In most cases, religion has played a significant role in fuelling the fights for freedom, which ultimately calls for the women participation as in the case of the civil rights in the US. Religion played a foremost role in the sparkling the advocacy for the civil rights of the African-Americans in the US with the main objective of initiating revolutionary social change[1]. Women participation during the civil rights also played an integral role in accelerating the civil rights movement. A number of historians consent the critical role that women, especially African-Americans, played in ensuring that there was racial equity. A notable woman figure during the civil rights movement is Rosa parks. Most of the women during the civil rights lobby group collaborated core religious leaders on accounts of choice, and bias that was based on racial and gender factors. This paper discusses the role that women and religion played during the time when the African-American populations were advocating for their civil rights.

It is arguably evident that religion played a forefront role in advocating for the civil rights to ensure social justice. In the South, the church served as a meeting place for the civil rights activists during the movement; basically, the church was considered as the symbol of the civil rights movement. This implies that the church symbolized the some of the core elements of freedom that were central towards the period of the civil rights activism. In addition, the church was considered as the only facility in the society that was not vulnerable to the core aspects that fuelled the civil rights activism like racism and women prejudice. The church was beyond the influence of the whites and the participants of the civil rights support found the church as a perfect place whereby they could air out their views and encourage the masses without the potential fear of the authorities. For the participants and other people who had keen interest in the proceedings of the civil rights movements, the church came as the bulletin board of the progresses that had been attained[2].

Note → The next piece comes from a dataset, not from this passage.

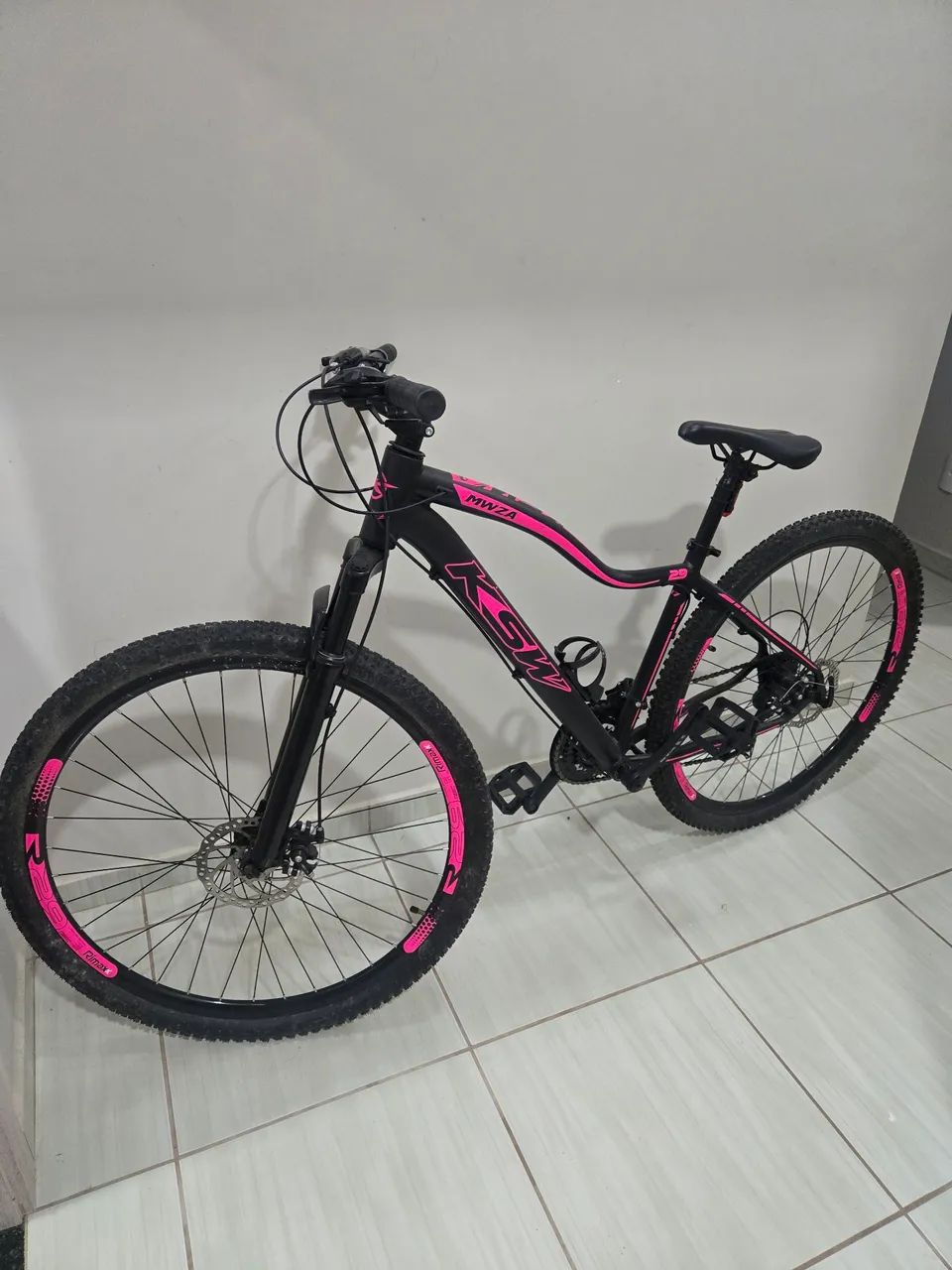 Bicicleta Aro 29 - Foto 2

The socio-economic and political power of the civil rights activism was enclosed in the church, owing to the fact it was not susceptible to the opposition by the white supremacists. It is notable that most influential people during the time at which the African-Americans were advocating for their civil rights lobby group found in the south were mostly religious leaders, who played an integral role in bring up the masses to rise against the white supremacists. In addition, religion can be argued to have offered accommodation to people of all socio-economic status for a common goal to pursue freedom from white supremacists. This played an integral role in building up the confidence of the participants and most was willing to make the ultimate sacrifice to ensure that the goals of the civil rights movement were attained. Religion can be argued to have made significant contributions that culminated towards the success of the civil rights movement.  In addition the underlying themes that were used by the activists of the civil rights based on religious orientations, and most participants viewed the fight for civil rights as a just cause. It is notable that the Montgomery was the birth of the civil rights activism, evident by Martin Luther King and Rosa Parks, who were from the region and played a forefront role during the time of fighting for the civil rights of the African-American community.

Women involvement in the civil rights movement also played a significant role in ensuring its success. Women figures such as Rosa Parks can be argued to have played a significant role in initiating the civil rights activism. Women worked in collaboration with the religious leaders to ensure that the goals and objectives of the civil rights activists were achieved. For instance, during 1955, Rosa Parks deliberately refused to give up her seat to a white person while in Montgomery; this resulted to mass boycott by many black women. This was the birth of advocacy for civil rights, as it served it ignite earlier attempts by activities that have failed to free the African Americans from the white man supremacy. The boycott went for over a year, after which Martin Luther King began to participate in advocating for civil rights. Rosa is considered as the mother of the movement that pioneered the advocacy for civil rights, who played an influential role in the elimination of the segregation laws associated with Jim Crow’s era, which was a milestone towards the quest for racial justice. Other women personalities that played an integral role in making the civil rights activism a triumph include Ella Baker, who was a labor organizer; Septima Poinsette Clark, who was an educator and activist under the National Association for the Advancement of Black Colored People; Fannie Lou Hamer, the co-founder of Mississippi Democratic Party; and Vivian Malone. It is arguably evident that the efforts of the women made significant background contributions towards ensuring that the civil rights activism was a victory[3].


Religion and women involvement was influential in ensuring the success of the civil rights advocacy by the African-Americans. Women worked in collaboration with religious leaders to ensure success of the civil rights movement.